Dice la soprintendente, Daniela Porro: «L’imponente scavo archeologico realizzato dalla Soprintendenza Speciale di Roma sotto la Città del Sole ha restituito testimonianze di un ampio arco temporale, che dal pleistocene arriva al VI secolo dopo Cristo, epoca dove si colgono chiari i segni di abbandono e spoliazione. Gli studi sui reperti ancora sono in corso e presto saranno presentati, rivelandoci le storie e i segreti di questo luogo affascinante, che si trova al II miglio della Tiburtina antica, testimonianza di quanto fosse articolato e diffuso il territorio dell’Urbs. Proprio per la rilevanza di questo ritrovamento la Soprintendenza sta realizzando un importante progetto di valorizzazione, già a bando e del valore di 400mila euro, con i fondi del Pnrr Caput Mundi che sarà ultimato il prossimo anno, al fine di renderlo accessibile ai cittadini della Capitale e ai visitatori».
Dagli scavi emerge una lunghissima frequentazione del luogo che dalla preistoria, attraverso varie fasi arriva all’Ottocento. La fase più antica ha restituito fossili di grandi mammiferi. All’epoca arcaica, risale un primo e duraturo sistema di drenaggio e irreggimentazione delle acque di falda realizzato attraverso cunicoli, pozzi, canalette e. poi, alcune sepolture, illustra Cristina D’Agostini, l’archeologa della Soprintendenza che sta seguendo lo studio dei reperti. Successivamente sorgono diverse strutture affiancate da una vasca monumentale. Sulla sponda di un fosso viene costruito un muro lungo 32 metri, con diverse aperture, tra cui una provvista di chiusa per regolare il flusso dell’acqua: dettagli che fanno ipotizzare un’area soggetta a frequenti allagamenti.
Siamo al periodo che va da Giulio Cesare e la fine della Repubblica fino al periodo imperiale: in questo lasso temporale vengono edificati complessi edilizi fondati sopra le strutture precedenti.

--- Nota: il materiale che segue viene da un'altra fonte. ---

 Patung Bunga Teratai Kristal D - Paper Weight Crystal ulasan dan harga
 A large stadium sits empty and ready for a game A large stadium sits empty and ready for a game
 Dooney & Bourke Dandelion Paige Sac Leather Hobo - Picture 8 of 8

Le parti più rilevanti del complesso (anche per il buono stato di conservazione), sono costituite da costruzioni dedicate al culto e un colombario, due ambienti semi sotterranei ricavati nel tufo della collina. Come a spesso accadeva in processo di tempo il complesso subì interventi di rimodulazione degli spazi, connessi al cambiamento di funzione di alcuni ambienti adibiti ad attività produttive.
AREA FUNERARIA
L’area funeraria rinvenuta, molto vasta, comprende anche un piccolo mausoleo semi-ipogeo a pianta quadrata e, su entrambi lati della strada, un gruppo di tombe a fossa scavate nel tufo, nonché due pozzi, di cui uno con funzione votiva.

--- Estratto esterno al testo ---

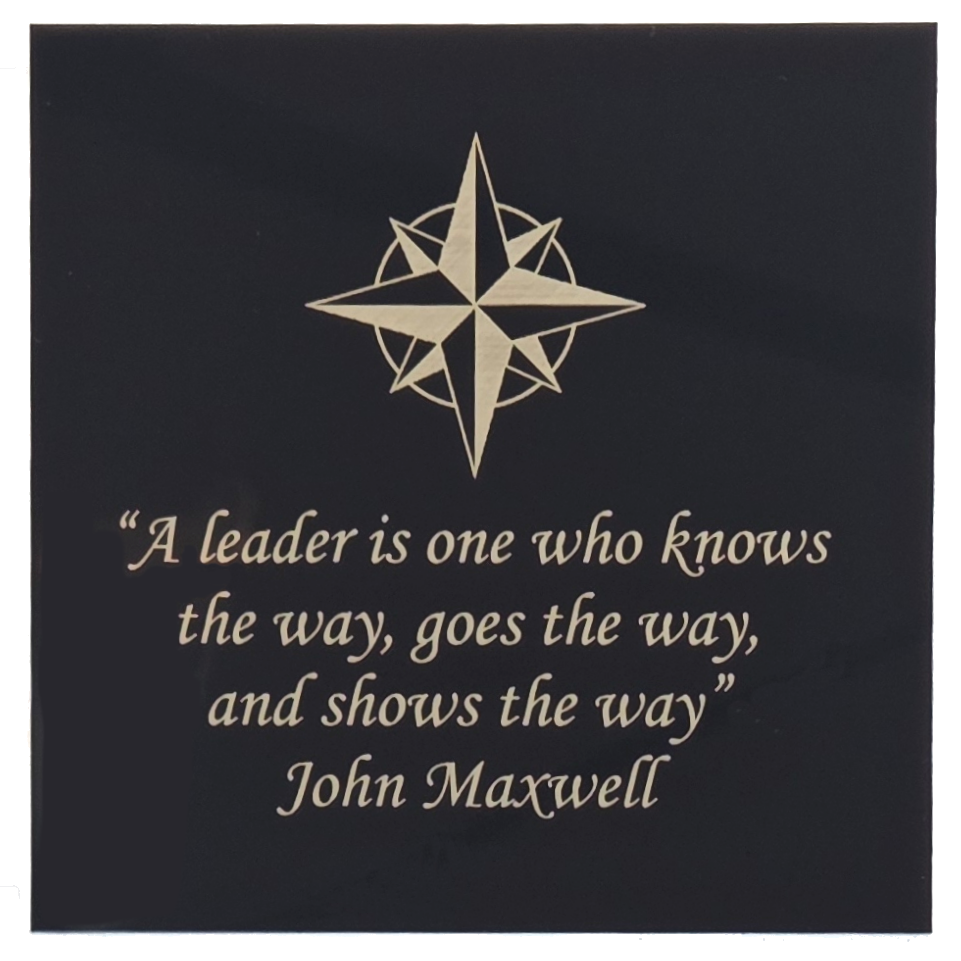 Leadership plaque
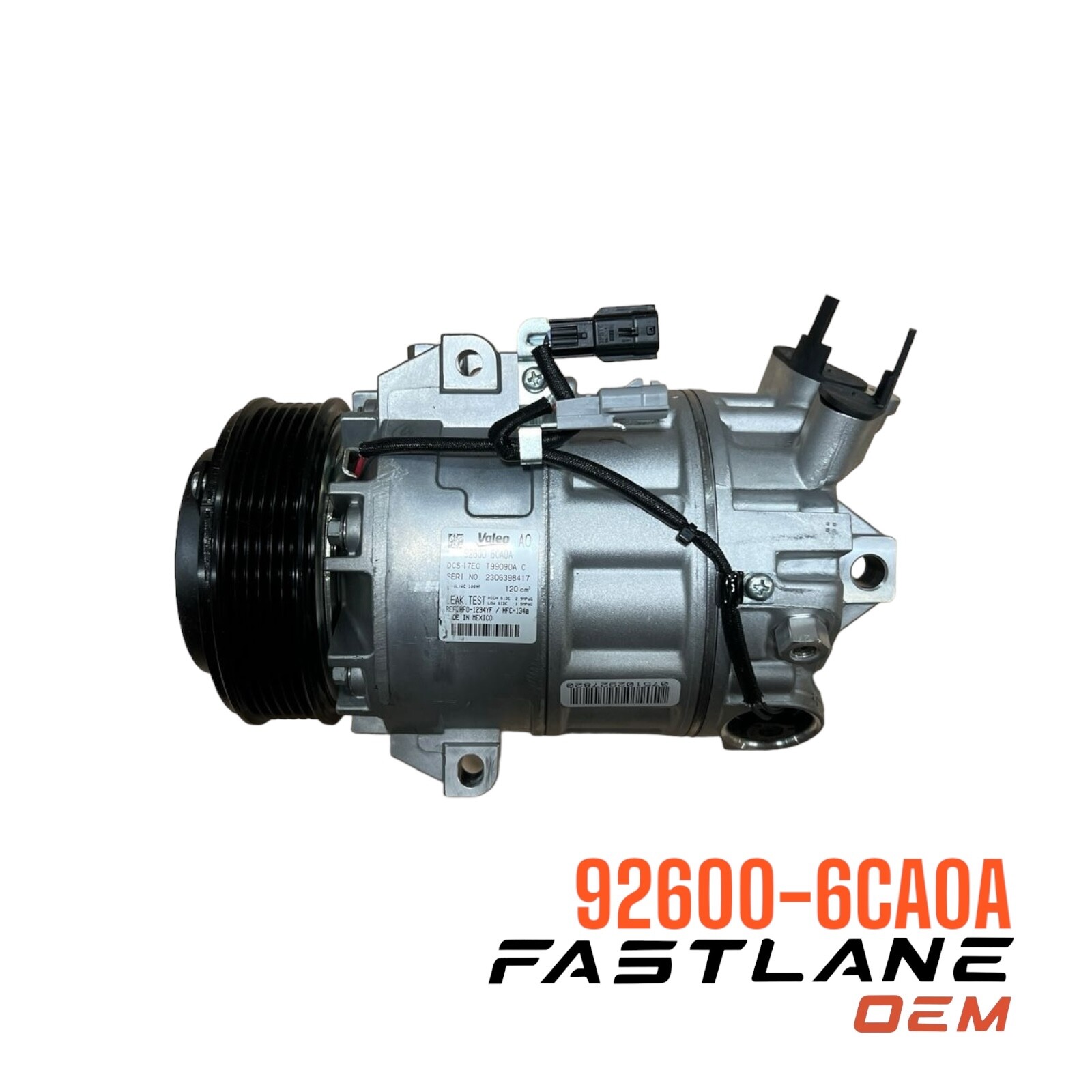 2019-2023 NISSAN ALTIMA A/C COMPRESSOR ASSEMBLY NEW OEM 92600-6CA0A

Nel Medioevo la frequentazione è testimoniata da resti di semplici murature all’interno del colombario e dal rinvenimento di ceramiche medievali. Durante il Medioevo, la zona viene progressivamente abbandonata fino all’800, quando venne costruita una strada, con carreggiate in pietre di tufo rosso recuperate spgliando preesistenti strutture romane rinvenute nell’area di fronte l’odierna Via Arduino.